Cofer confronts cultural legacy and a woman’s desire “to be released from rituals” in her poetic dialectic of survival. Cultural icons, customs and rites of passage take root in an imagery that is tropical and piercing.
“Terms of Survival takes readers on an imagistic safari through the lush jungle of life…a slim volume that is sure to grab the reader’s interest from the first page to the last.”–The Athens Observer
JUDITH ORTIZ COFER, a poet, novelist, and essayist, is the author of numerous award winning books, including An Island Like You: Stories of the Barrio (Orchid Books 1995, Penguin, 1997), recipient of the 1995 Pura Belpré Award, the ALA Best Books for Young Adults and the Horn Book/Fanfare Best Book of the Year List.
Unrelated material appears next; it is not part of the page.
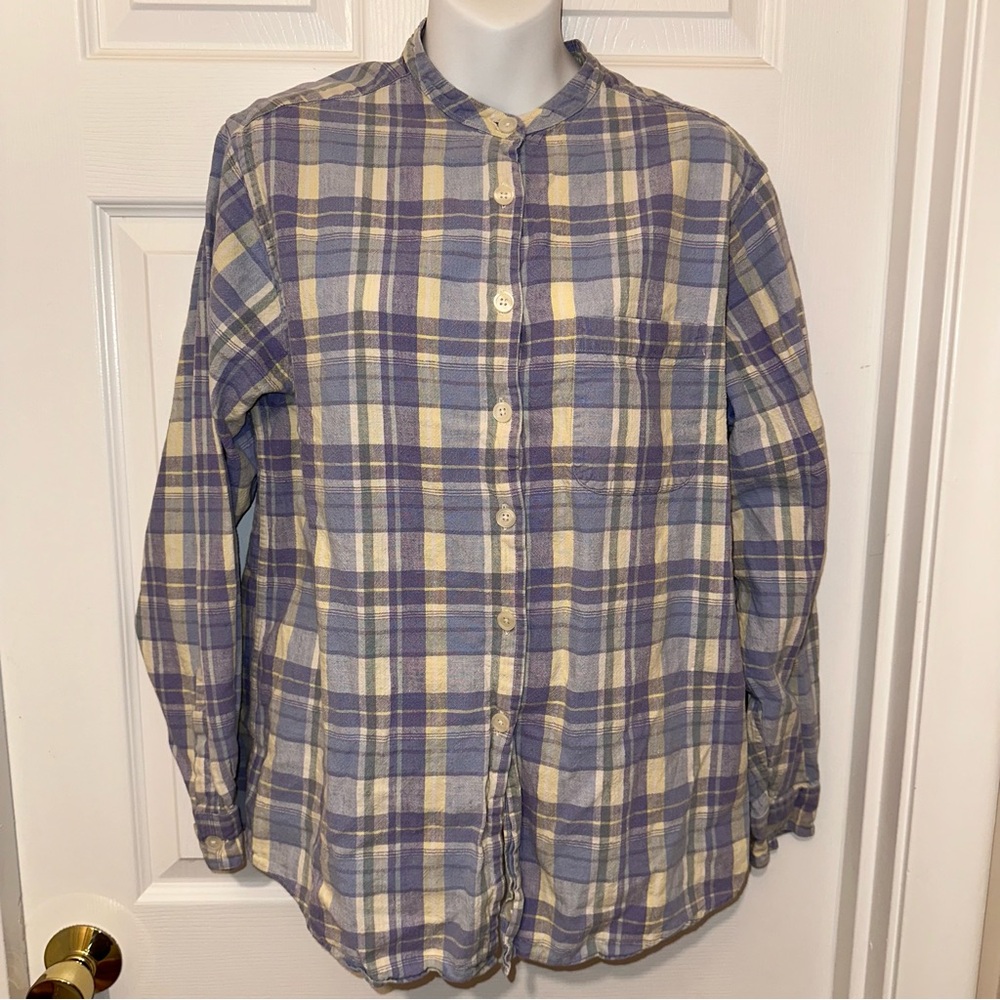 L.L.Bean Women’s M Light Blue Lavender Yellow Plaid Linen Shirt Mandarin Collar - Picture 9 of 11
Silent Dancing: A Partial Remembrance of a Puerto Rican Childhood (Arte Público Press 1991) received a PEN citation, the Martha Albrand Award for non-fiction, and a Pushcart Prize for the essay “More Room.” She is the recipient of the 1999 Paterson Prize for Books for Young People for The Year of Our Revolution. Most recently, she has published a bilingual book for children, ¡A bailar! / Let’s Dance! (Piñata Books, 2011); Animal Jamboree: Latino Folktales /La fiesta de los animals: leyendas latinas (Piñata Books, 2012), a bilingual collection of Puerto Rican folktales for middle readers, and The Poet Upstairs (Piñata Books, 2012), an inspiring picture book that demonstrates how poetry can change the world. She was a long-time professor of English and Creative Writing at the University of Georgia before her death in 2016.